The Chinese communist occupation of Tibet was also a calamity not just for
the elites, as Parenti would have it, but also for ordinary Tibetans unable
to flee into exile. Their country has been overrun with ethnic Chinese
immigrants, who today outnumber the Tibetans. Most of the businesses are
owned by Chinese, whose political agents discriminate against Tibetans who
wish to maintain whatever is left of their culture and their language. There
is much more but no room to go into it all here. 

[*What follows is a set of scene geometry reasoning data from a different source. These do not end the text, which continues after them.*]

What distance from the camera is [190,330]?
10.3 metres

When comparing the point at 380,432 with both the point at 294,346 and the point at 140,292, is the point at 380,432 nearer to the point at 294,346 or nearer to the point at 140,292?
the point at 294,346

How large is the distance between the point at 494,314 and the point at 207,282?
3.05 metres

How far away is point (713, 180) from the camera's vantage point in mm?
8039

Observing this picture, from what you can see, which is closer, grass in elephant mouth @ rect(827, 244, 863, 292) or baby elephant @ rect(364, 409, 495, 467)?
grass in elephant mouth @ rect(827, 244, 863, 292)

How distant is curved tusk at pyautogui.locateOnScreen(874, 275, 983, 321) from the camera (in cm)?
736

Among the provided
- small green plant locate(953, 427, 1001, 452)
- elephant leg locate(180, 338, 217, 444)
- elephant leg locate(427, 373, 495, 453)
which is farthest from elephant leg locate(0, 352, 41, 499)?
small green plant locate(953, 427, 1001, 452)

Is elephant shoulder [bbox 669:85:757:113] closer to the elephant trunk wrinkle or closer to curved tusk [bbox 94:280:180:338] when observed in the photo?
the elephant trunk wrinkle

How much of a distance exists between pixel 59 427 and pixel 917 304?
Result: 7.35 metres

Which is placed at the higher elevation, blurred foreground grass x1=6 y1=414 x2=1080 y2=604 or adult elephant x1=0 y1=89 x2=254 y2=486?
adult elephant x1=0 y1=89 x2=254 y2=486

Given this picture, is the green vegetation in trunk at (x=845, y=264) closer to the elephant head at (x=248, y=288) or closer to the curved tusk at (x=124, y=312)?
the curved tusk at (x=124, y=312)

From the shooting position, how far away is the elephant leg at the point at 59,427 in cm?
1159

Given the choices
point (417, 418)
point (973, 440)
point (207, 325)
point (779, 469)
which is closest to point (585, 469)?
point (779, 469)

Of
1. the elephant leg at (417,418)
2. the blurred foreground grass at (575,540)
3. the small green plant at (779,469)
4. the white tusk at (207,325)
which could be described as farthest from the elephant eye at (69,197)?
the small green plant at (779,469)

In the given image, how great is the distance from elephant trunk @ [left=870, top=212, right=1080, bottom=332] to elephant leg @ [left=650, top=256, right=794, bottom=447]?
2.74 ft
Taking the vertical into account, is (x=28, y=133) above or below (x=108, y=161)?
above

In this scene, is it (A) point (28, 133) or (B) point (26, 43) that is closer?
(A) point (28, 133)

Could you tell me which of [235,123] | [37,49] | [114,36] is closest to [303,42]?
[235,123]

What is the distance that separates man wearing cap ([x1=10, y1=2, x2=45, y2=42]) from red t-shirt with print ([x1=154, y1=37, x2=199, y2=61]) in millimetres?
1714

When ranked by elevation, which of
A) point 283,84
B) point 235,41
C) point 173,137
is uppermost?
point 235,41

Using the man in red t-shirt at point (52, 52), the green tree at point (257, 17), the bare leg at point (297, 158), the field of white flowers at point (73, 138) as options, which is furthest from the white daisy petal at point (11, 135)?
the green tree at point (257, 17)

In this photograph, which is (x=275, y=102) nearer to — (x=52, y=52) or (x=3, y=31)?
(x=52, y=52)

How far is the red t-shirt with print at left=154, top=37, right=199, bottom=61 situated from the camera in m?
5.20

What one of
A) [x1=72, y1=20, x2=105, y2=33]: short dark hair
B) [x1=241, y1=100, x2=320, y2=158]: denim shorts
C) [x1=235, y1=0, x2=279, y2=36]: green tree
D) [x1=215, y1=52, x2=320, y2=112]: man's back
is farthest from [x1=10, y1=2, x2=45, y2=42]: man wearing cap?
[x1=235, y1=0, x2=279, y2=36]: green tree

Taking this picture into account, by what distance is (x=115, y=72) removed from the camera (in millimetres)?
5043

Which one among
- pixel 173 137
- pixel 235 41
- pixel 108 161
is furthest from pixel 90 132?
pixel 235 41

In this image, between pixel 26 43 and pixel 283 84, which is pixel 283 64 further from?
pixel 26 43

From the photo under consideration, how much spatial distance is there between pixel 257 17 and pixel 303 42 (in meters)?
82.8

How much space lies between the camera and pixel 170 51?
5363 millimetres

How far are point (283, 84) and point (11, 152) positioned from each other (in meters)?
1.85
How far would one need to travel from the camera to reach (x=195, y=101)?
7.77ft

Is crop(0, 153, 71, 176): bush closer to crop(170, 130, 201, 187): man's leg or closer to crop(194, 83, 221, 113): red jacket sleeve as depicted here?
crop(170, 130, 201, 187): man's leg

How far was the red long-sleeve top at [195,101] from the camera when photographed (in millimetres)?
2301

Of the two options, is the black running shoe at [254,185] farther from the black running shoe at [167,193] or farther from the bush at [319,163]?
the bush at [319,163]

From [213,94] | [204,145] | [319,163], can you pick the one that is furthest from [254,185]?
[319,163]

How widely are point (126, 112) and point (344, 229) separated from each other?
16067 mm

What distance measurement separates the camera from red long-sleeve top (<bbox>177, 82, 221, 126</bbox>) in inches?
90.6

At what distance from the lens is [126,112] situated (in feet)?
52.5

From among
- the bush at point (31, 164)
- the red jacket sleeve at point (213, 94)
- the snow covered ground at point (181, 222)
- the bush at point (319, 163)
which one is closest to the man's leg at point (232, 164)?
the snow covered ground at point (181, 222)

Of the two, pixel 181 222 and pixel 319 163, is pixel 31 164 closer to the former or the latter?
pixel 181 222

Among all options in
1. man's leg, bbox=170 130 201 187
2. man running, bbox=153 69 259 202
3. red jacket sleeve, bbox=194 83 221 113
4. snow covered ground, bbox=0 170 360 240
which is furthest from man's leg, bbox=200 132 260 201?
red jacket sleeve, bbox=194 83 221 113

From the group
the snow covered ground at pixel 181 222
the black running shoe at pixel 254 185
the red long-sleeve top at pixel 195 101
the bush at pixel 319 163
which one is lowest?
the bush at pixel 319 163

There is a plethora of literature on this political issue. Various denizens
of this list have had our say, one way or the other.
I suggest that it is time to stop the thread, which could go on endlessly. I
hope not on this list. We need to agree to disagree. If some of us want to
argue about this issue endlessly, there are no doubt other lists where it
might be appropriate.

Joanna Kirkpatrick, PhD, UCB 1970
Social and Cultural Anthropologist

(I attach my degree title here, although not regularly, since my impression
is that some on this list think I'm just another opinionated list member.
Actually, I am an opinionated anthropologist, whose opinions are based on
more than gossip and hearsay.)
 


========================
Subject: Re: [Buddha-l] Re: Re: The Dalai Lama on Self-Loathing (Stuart
Lachs)

Stephen Hodge wrote
 "This article about their [Stuart and Roma Gelder] latter-day successor,
Parenti, also contextualizes  the Gelders."
The article "A Lie Repeated: The Far Left's Flawed History of Tibet"
 by Joshua Michael Schrei

can be reached at

 http://www.studentsforafreetibet.org/downloads/A%20Lie%20Repeated.doc .

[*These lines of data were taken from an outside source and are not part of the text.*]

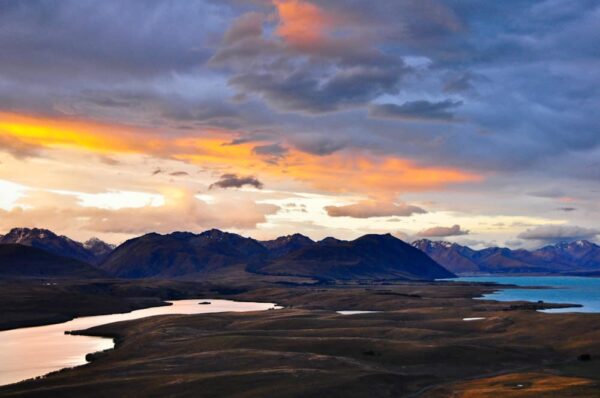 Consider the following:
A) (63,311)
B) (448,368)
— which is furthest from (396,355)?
(63,311)

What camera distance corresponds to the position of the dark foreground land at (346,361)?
6519 cm

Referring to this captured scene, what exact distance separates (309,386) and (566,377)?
29329mm

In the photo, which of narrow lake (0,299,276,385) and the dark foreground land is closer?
the dark foreground land

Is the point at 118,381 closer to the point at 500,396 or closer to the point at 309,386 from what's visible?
the point at 309,386

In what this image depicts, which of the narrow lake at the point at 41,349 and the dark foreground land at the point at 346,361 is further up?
the dark foreground land at the point at 346,361

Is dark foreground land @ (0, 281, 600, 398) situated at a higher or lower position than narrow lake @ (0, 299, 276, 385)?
higher

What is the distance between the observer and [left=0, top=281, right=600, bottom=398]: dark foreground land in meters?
65.2

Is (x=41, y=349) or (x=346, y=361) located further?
(x=41, y=349)

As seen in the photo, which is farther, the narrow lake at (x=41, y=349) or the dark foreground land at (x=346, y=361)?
the narrow lake at (x=41, y=349)

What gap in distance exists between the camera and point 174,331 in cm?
12181

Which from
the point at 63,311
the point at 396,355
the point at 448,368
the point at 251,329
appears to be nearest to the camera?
the point at 448,368

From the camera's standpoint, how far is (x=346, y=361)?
82375 millimetres

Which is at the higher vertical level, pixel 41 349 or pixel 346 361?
pixel 346 361

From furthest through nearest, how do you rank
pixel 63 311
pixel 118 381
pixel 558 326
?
pixel 63 311 < pixel 558 326 < pixel 118 381
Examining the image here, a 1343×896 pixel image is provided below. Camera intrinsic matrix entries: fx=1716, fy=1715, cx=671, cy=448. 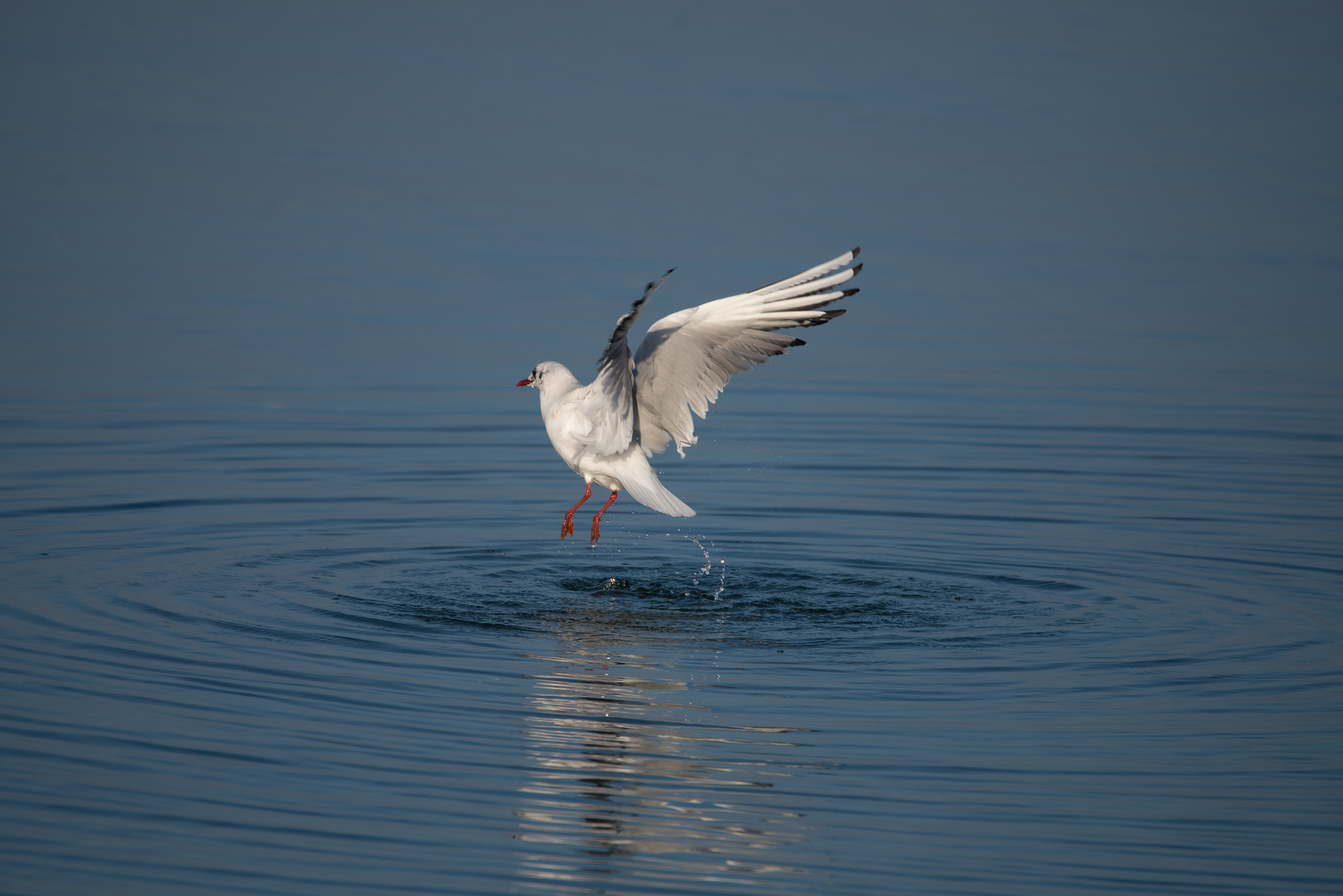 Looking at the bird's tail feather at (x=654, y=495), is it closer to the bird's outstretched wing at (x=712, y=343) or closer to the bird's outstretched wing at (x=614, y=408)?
the bird's outstretched wing at (x=614, y=408)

Thanks for the article on the background of the Gelders and in addtition on
Anna Louise Strong and A. Tom Grunfeld. I do however take issue with
Schrei's portrayal of Michael Parenti. My guess is that Schrei is
particularly bothered by Parenti's article "Friendly Feudalism: The Tibet
Myth"  which can be accessed at http://www.michaelparenti.org/Tibet.html .

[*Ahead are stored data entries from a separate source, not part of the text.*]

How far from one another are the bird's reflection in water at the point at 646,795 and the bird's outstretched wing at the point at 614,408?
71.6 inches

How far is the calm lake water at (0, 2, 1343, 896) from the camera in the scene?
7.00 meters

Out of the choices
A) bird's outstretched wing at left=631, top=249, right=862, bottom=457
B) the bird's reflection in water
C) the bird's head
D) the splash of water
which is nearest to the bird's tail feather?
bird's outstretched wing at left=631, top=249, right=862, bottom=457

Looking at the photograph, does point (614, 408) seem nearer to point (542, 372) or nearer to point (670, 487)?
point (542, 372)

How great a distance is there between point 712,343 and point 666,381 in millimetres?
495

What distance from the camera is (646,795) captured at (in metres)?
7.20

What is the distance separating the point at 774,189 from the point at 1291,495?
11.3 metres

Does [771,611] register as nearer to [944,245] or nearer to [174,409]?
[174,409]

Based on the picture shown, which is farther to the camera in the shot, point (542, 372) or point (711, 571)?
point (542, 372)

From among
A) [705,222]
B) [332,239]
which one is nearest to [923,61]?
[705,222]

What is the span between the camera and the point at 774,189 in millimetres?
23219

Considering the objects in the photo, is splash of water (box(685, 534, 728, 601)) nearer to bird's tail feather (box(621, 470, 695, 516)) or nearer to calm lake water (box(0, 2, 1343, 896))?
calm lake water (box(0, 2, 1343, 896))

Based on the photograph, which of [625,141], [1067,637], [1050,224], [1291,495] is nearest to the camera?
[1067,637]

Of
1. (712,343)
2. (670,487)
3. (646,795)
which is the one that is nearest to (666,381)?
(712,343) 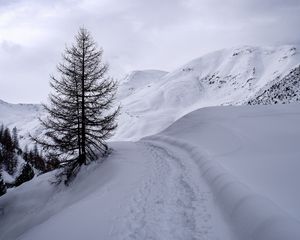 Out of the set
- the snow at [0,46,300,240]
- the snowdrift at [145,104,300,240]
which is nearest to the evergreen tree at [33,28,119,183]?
the snow at [0,46,300,240]

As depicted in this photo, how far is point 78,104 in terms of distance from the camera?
62.6 ft

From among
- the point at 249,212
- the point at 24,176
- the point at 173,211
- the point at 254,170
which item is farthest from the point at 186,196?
the point at 24,176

I have quite a different take on the article than Schrei. I hope people read
Paenti's article, which is fairly short, rather than only reading Schrei's
comments on the article.

I would like to make some points in the hope of  interesting people in
reading  Parenti's paper.

(  ) in the quoted paragraphs below refer to Parenti's footnotes which I
give as F.N.  after the paragraph.

Tibet like any country has a complicated history as does the Dalai Lama and
his previous incarnations. The Dalai Lama besides being a religious leader
is also a political leader, which by any measure,  is a complicated juggling
act. Though I think the present D.L. is a wonderful and inspiring leader he
gets into "compromised " positions. Parenti points out,

"In 1995, the News & Observer of Raleigh, North Carolina, carried a
frontpage color photograph of the Dalai Lama being embraced by the
reactionary Republican senator Jesse Helms, under the headline "Buddhist
Captivates Hero of Religious Right."(39) In April 1999, along with Margaret
Thatcher, Pope John Paul II, and the first George Bush, the Dalai Lama
called upon the British government to release Augusto Pinochet, the former
fascist dictator of Chile and a longtime CIA client who had been apprehended
while visiting England. The Dalai Lama urged that Pinochet not be forced to
go to Spain where he was wanted to stand trial for crimes against humanity.

F.N. 39 News & Observer, 6 September 1995, cited in Lopez, Prisoners of
Shangri-La, 3.

Lopez comments that his book [Prisoners of Shangi-La] "attempts to
understand how this is possible." He then adds, "Tibet and Tibetan Buddhism
have long been objects of Western fantasy."

Parenti also touches on the Dala Lama / CIA connection:

For the rich lamas and lords, the Communist intervention was a calamity.